Homecoming is always sweet.

 

But it was much sweeter for Chinese basketball player Wang Zhizhi.

 

"It's like a dream," said Wang, who returned home yesterday from the United States after four years and the same number of years after his expulsion from the national team.

 

"I miss my parents and I am so happy to be back home again."

 

Wang, the first Asian to play in the National Basketball Association (NBA) when he joined the Dallas Mavericks in 2001, was welcomed by the country's top basketball officials amid a media frenzy at Beijing Capital International Airport early in the morning.

 

"I realized I had made a big mistake. I want to say sorry to my fans and to the Bayi team which trained me and gave me the chance to play in the NBA," he said.

 

The Dallas Mavericks drafted Wang in 1999, and signed him on a three-year rookie contract in March 2001.

 

After his debut season in the NBA, Wang refused to join the national team training for the 2002 World Championships and then skipped the tournament for the NBA summer league.

 

 

The act went against the agreement the Mavericks had with the CBA, under which he had to play major international competitions for China during the NBA off-season. His status in the Chinese military also complicated the situation.

 

Wang was expelled from the national squad in October, 2002 after he refused to come back for the Busan Asian Games.

 

"I was too young to make the right decision. I hope I can make up for my fault this time and win back my place in the national team," Wang said.

 

Since 2002, the CBA has tried to seek Wang's return in many ways, but the efforts failed due to his attitude. The turnaround came in 2005 when Wang, who missed the Athens Games in 2004, contacted the CBA through a Chinese reporter, expressing his willingness to compete in the Beijing Olympics.

 

And his meeting with CBA chief Li Yuanwei in the US this February is seen a catalyst for his return.

 

"I will try to play my best basketball in this year's World Championships and the 2008 Beijing Games to pay back my fans," he said.

 

Wang averaged 22.8 points and 8.9 rebounds when he led the Chinese military club, the Bayi Rockets, to consecutive CBA titles from 1996 to 2001. He was widely believed to man a crucial position as a power forward in the Yao Ming-led Chinese national team.

 

He played in the 1996 and 2000 Olympics, averaging 13.5 points and 5.0 rebounds at Sydney, when he teamed up with Yao as part of China's "Walking Great Wall."

 

But he has played sparingly in a lackluster NBA career that began with the Dallas Mavericks in 2002, and then was traded to the Los Angeles Clippers before he was cut from the Miami Heat late last season.

 

The CBA welcomed the return of the problem star.

 

"It's a crucial move for him to return in an answer to the motherland's call.

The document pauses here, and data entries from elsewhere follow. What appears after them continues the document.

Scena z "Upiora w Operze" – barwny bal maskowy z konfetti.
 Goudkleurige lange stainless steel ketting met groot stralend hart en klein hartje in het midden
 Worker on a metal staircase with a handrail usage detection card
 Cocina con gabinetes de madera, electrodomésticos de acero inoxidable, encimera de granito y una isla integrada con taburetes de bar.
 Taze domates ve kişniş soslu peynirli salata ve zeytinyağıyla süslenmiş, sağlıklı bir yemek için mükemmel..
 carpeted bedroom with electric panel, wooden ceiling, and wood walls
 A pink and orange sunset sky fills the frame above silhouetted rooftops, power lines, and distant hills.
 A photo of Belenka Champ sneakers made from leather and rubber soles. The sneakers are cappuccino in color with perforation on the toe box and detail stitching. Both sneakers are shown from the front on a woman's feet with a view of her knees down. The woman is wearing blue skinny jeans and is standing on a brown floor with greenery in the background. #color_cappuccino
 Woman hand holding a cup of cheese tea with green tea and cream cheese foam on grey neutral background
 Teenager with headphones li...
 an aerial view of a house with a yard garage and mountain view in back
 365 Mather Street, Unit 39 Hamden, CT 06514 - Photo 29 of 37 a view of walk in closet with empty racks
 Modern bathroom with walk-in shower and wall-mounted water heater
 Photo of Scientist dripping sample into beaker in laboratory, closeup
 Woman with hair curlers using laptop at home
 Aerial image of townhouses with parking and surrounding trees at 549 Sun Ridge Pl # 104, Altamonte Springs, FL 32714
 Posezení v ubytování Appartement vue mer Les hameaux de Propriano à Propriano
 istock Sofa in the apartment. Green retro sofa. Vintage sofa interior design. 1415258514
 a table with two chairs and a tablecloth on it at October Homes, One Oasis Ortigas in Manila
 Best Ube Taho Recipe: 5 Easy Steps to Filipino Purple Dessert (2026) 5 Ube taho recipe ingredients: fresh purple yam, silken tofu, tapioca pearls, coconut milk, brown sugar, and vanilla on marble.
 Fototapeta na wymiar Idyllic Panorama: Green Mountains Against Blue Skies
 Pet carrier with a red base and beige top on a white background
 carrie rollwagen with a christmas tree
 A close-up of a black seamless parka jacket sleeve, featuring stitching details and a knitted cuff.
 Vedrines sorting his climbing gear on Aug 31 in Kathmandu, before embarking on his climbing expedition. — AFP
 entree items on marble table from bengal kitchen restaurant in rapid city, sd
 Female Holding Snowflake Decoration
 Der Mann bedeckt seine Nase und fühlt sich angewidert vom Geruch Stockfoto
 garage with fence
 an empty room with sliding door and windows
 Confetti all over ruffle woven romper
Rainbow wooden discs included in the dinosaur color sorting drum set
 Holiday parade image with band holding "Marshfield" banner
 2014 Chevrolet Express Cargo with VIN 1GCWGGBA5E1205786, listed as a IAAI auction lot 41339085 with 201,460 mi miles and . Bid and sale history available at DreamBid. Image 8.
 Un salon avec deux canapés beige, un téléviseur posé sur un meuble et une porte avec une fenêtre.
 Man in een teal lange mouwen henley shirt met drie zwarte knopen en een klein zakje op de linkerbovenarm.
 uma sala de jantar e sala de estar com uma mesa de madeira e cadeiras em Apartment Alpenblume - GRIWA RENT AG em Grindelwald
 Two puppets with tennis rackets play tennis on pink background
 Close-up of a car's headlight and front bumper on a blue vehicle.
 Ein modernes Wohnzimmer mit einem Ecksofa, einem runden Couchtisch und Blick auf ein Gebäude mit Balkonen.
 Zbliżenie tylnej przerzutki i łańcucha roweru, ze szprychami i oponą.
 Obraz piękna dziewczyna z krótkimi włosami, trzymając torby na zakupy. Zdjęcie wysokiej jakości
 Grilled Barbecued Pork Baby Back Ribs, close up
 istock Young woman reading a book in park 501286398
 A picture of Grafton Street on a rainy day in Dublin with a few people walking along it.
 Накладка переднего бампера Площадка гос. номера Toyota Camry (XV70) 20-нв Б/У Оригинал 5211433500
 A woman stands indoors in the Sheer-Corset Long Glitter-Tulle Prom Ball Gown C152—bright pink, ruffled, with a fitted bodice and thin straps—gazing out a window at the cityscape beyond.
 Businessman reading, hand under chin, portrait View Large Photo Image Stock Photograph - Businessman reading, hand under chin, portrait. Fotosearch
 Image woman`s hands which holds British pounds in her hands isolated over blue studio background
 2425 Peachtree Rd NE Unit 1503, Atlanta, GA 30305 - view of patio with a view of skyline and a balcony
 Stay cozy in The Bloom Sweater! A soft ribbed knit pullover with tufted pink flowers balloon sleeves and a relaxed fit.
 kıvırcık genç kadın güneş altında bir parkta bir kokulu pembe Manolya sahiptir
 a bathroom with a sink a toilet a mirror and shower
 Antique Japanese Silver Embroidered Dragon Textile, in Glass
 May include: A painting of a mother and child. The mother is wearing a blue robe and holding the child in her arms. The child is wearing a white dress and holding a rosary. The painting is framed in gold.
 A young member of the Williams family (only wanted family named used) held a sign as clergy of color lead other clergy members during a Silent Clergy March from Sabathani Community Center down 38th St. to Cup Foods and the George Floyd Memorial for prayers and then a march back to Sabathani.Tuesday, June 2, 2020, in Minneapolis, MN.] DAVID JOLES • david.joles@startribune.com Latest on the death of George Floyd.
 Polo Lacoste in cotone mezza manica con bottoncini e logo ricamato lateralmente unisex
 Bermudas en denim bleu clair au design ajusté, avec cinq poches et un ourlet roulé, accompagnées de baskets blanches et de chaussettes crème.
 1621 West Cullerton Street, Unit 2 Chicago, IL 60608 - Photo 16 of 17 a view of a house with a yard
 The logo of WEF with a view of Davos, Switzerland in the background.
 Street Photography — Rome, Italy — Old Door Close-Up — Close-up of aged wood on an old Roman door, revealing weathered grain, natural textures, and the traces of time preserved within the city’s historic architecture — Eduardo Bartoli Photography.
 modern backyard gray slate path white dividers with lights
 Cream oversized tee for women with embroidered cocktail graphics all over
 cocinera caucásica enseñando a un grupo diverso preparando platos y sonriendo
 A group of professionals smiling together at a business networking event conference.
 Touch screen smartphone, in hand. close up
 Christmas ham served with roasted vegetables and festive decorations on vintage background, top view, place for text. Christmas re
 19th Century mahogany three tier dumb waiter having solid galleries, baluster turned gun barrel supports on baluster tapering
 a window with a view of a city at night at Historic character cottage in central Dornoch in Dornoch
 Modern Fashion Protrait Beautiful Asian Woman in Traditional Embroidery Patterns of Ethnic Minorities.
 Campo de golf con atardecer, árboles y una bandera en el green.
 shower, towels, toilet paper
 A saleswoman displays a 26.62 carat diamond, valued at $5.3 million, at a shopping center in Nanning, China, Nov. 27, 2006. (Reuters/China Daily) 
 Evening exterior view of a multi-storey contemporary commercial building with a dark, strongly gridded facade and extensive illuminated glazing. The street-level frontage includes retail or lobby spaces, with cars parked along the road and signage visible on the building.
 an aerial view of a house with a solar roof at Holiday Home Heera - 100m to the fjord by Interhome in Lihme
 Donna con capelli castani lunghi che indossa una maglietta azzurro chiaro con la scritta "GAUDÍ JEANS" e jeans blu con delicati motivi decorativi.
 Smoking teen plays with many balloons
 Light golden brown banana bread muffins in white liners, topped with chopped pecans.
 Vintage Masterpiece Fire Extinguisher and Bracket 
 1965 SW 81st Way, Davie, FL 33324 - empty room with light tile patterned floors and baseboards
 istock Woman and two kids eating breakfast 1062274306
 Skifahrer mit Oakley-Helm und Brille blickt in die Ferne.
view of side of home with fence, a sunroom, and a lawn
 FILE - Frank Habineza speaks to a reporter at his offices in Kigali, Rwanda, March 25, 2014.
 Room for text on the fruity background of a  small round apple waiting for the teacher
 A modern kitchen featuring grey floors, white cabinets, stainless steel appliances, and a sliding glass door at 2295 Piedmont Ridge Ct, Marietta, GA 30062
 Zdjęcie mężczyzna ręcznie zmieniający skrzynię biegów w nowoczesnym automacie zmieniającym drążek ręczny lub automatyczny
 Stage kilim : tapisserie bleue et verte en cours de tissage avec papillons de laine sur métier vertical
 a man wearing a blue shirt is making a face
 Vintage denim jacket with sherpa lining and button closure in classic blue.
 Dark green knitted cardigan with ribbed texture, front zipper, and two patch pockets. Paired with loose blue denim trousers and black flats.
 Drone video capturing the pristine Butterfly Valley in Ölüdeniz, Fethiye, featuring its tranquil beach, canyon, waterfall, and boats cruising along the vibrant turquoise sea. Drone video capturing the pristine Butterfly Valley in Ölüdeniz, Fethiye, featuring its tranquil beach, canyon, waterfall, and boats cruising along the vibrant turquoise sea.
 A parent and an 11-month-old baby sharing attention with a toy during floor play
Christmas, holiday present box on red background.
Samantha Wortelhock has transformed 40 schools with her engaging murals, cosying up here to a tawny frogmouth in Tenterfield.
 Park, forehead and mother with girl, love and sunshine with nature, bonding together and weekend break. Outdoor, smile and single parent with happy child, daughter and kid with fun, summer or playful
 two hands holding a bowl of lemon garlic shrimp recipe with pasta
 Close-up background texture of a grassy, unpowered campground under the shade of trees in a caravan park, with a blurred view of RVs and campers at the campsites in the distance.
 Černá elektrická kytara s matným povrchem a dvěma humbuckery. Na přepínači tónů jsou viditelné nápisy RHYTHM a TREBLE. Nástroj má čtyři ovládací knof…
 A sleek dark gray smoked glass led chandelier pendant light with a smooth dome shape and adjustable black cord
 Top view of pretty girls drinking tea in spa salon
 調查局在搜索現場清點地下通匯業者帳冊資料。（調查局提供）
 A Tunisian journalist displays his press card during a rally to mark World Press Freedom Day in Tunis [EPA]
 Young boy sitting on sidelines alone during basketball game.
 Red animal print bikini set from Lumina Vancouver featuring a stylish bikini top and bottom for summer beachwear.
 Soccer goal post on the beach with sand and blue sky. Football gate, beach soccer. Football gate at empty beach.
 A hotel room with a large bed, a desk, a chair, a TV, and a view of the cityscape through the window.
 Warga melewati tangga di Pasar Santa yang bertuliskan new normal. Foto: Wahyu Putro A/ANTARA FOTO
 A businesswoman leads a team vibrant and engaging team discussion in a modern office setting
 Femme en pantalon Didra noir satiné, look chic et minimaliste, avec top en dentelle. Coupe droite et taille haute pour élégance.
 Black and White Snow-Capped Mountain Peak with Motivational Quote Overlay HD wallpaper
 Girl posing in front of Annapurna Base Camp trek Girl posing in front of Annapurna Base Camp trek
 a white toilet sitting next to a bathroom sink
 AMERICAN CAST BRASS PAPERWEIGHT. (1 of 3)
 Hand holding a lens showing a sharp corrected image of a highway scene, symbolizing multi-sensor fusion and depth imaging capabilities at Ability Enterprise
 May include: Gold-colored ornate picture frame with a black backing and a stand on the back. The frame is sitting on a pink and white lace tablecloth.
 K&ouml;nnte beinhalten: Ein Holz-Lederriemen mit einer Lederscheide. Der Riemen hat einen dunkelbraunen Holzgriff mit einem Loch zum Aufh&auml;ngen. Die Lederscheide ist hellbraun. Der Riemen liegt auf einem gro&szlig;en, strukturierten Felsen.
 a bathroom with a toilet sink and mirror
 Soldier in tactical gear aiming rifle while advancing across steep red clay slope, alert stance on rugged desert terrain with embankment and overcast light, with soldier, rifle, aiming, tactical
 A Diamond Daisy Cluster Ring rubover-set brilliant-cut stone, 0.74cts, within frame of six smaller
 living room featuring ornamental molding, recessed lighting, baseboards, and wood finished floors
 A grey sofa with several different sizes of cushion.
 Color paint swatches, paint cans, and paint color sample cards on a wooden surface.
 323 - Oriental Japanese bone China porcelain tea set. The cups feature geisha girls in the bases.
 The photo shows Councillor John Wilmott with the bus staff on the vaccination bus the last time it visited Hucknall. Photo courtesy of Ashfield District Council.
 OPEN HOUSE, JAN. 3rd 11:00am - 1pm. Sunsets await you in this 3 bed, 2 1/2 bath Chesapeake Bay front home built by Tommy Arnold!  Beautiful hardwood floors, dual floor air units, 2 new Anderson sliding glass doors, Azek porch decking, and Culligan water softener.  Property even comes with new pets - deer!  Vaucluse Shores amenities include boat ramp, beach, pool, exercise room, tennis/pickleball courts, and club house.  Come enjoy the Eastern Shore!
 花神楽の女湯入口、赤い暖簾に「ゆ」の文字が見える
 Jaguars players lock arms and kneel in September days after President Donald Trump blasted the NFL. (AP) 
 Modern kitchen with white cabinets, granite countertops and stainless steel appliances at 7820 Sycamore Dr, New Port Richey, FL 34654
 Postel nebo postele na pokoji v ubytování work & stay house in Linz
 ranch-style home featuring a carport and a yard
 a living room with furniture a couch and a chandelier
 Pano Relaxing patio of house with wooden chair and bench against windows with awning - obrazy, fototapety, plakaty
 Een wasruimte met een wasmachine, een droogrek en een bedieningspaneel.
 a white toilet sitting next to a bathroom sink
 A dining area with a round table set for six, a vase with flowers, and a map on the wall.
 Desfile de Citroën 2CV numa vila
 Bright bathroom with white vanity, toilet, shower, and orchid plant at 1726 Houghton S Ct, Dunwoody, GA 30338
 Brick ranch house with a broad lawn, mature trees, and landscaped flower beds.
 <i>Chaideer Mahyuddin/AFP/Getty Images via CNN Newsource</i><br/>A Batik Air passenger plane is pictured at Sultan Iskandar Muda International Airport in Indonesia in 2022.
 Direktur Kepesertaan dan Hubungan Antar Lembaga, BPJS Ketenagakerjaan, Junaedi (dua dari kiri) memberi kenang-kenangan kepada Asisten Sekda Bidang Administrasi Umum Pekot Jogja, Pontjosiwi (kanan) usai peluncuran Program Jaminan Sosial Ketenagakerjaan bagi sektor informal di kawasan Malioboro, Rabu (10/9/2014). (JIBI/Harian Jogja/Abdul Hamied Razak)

He has enough time to reunite with his parents and friends in China, and think about how to start a new future here," the CBA said in its official press statement.

 

In an online survey conducted by China's leading website Sina.com, 78.81 percent of participants said they still love Wang despite his abandoning his side; and 88.72 percent believe he will earn a spot in the national team and improve it as a whole for the coming World Championships and the Olympics.